As promised I’ve listened to Archive on 4’s ‘What Has Media Training Done To Politics?’ so you don’t have to.
Nobody comes out of this programme particularly well. Politicians, interviewers, media trainers, it’s a 58 minute plague on all our houses. (“We’re media training politicians into a bland mush”).
“I think the right word is armour…but when it become a way of controlling not just a narrative but stopping any discussion of a more truthful version coming out…that’s when it becomes detrimental to democracy.” Emily Maitlis
I don’t media train politicians. Not on principle, simply because nobody has ever asked me. I’d love a crack at it. There’s a familiar rhythm to a media trained politician accepted within Westminster as “the right approach” that I’d love to try and change.
This rhythm centres around the pivot, which there’s nothing wrong with in principle – the problem is it’s rarely done effectively. (Incidentally the analysis of the Ed Miliband pivot is worth the license fee alone.)

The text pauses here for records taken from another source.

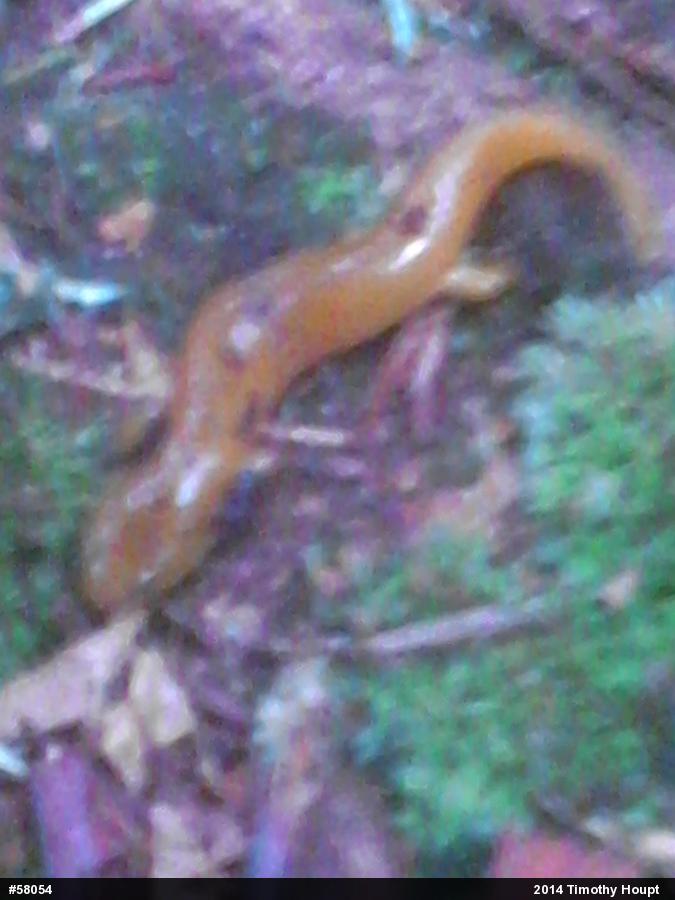 Northern Spring Salamander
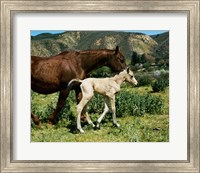 Framed Palomino Mare and a Colt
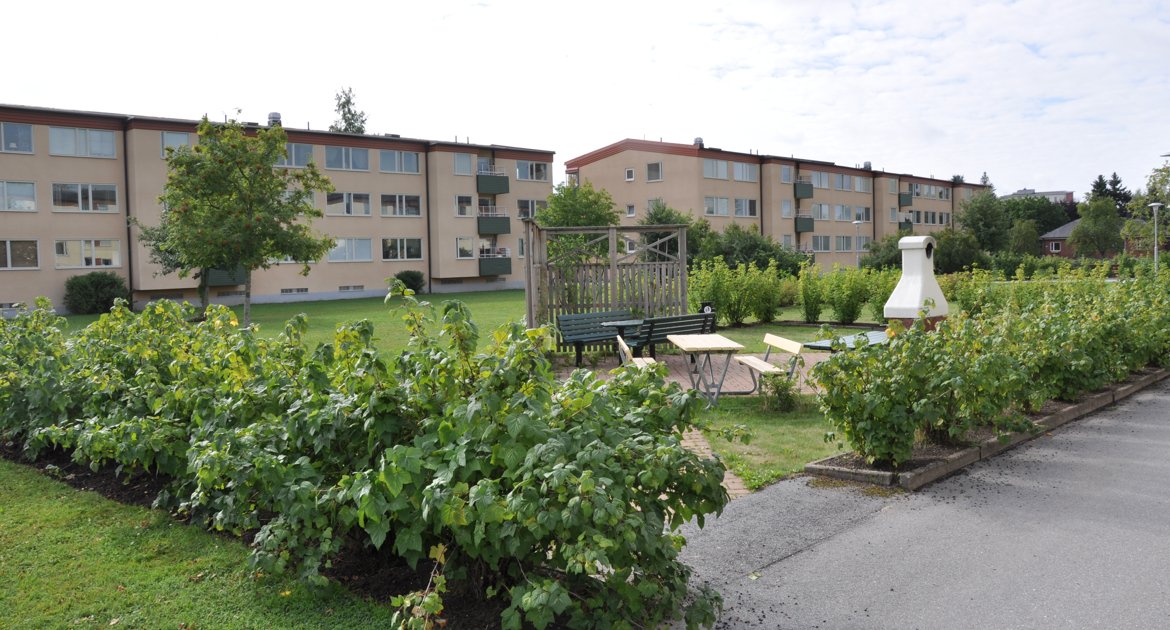 Exteriörbild på Tengvaössgatan med sittplats och vinbärsbuskar i förgrunden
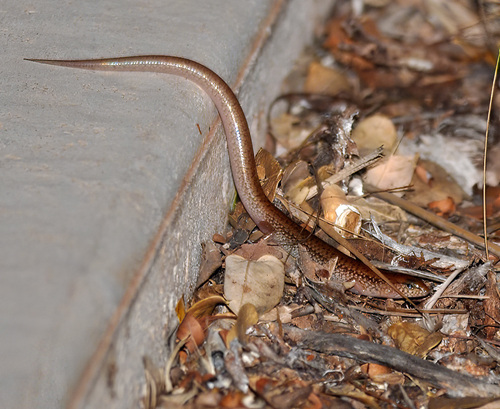 Northern Bar-lipped Skink, Eremiascincus isolepis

There’s also a recognition in the programme that journalists must change their approach. The fear of interviewees saying something accidental – the obsession with the gotcha moment – is what drives a reliance on media training.
The impact of rolling news is maligned, the death of the long form interview (Walden, Day etc) mourned. It’s a pretty good listen. Brimming with big hitters and some lovely archive. You just don’t really come away with any answers about how to improve the situation.